Re: RDF priorities

>Per telecon call,
>
>My view (well known, I suspect ;-) is that the core "model and 
>abstract syntax" are the most important parts of RDF to get nailed 
>down.
>
>In my view, every other part of RDF is critically dependent on this, 
>so we need to get it nailed down, and solidly.
>
>By "solidly", I mean that we have clearly defined what can and 
>cannot be understood about the meaning of an RDF expression.  This 
>would preferably be underwritten a formalism of some kind, but the 
>document will also need clear prose for developers who don't/won't 
>delve into too much formal mathematics.

I agree wholeheartedly. I would add a few more things that I still 
find confusing.

1. What exactly IS an RDF expression? (Is it a set of triples forming 
an abstract graph, or something textual, ie a parsing of a character 
stream, or what? I know these can be translated into one another and 
so on, but I think it would be good to get a single clear choice as 
being the definitive notion, and then nail it down as precisely as 
possible. I had formed the impression that sets of triples in an 
abstract graph were the definitive syntax for RDF, but much of the 
recent containers discussion has referred to lexical orderings, which 
are meaningless in an abstract graph, leaving me puzzled.)

2. Is RDF seen primarily as an assertional language (which expresses 
propositions about resources), or as a programming or processing 
language? I am sorry if this question seems exasperating, especially 
to the logic programmers among us, but it has a direct bearing on the 
appropriate semantic style one should adopt. Assertional languages 
typically have a semantics which is deliberately 'catholic' in what 
it allows into the universe of discourse, while programming language 
semantics are usually based on recursively closed universes of data 
objects that can be computed. We can try to do both at once, but that 
is a much trickier technical task and life would be easier if we 
could avoid it. I have been assuming that RDF is supposed to be a 
general-purpose descriptive framework rather than a kind of 
implementation language, but this is based more in general 
impressions than on any firm statement of purpose.
(Example of where the difference matters is containers. Does this:
>_:genid <rdf:type> <rdf:Bag>.
>_:genid <rdf:_1>   "1" .
>_:genid <rdf:_10>  "10" .
>_:genid <rdf:_2>  "11" .
DESCRIBE a bag, or should we think of it as (part of) an 
IMPLEMENTATION of a bag, ie a data structure encoded in triples? If 
it is a description (as I have been assuming) then it is natural to 
allow partial descriptions, and to regard this as referring to a bag 
with at least 10 members, 7 of which are unspecified. If it is an 
implementation, then it clearly describes a bag with three elements, 
using somewhat idiosyncratic labellings to distinguish them.  If we 
add the triple
_:genid <rdf:_6>   "6" .
then the description view would say that we have learned something 
new about the bag, while the implementation view would be that the 
bag now has 4 members.  Allowing item renumbering is arguably 
reasonable in the implementation view, clearly invalid in the 
description view. And so on. I think many issues would be a lot 
clearer if we were clear about this one.)
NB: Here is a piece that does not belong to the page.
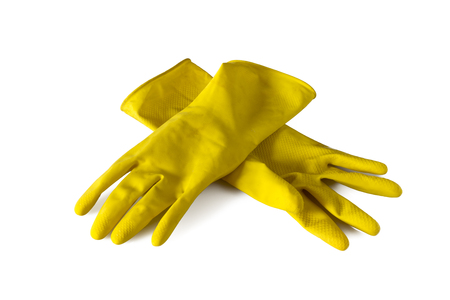 Yellow rubber gloves isolated on white backgroundの写真素材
3. There seems to be quite a lot of undocumented 'RDF assumptions' 
that might be said to be guiding principles. I would like to see as 
many of these as possible made clear and explicit. Here are a few I 
think I have met, expressed in my own words (and thefore maybe not 
right, so I welcome correction):
a. Any collection of well-formed triples is wellformed; there is no 
such thing as a syntactically illegal set of well-formed triples.
b. Adding a triple to a set of triples cannot change the meaning of 
the triples in the set.
c. One never knows when one has 'all' of a set of triples, so any 
convention which can be broken by adding a new triple is illegal (? 
or deprecated?).
d. There is no such thing as a single context set of a triple; in 
other words, putting a triple into a different set cannot change its 
meaning.

What all these add up to, by the way, is a set of practices which 
effectively make it impossible to use RDF triple graphs to encode 
pointer structures in the LISP tradition.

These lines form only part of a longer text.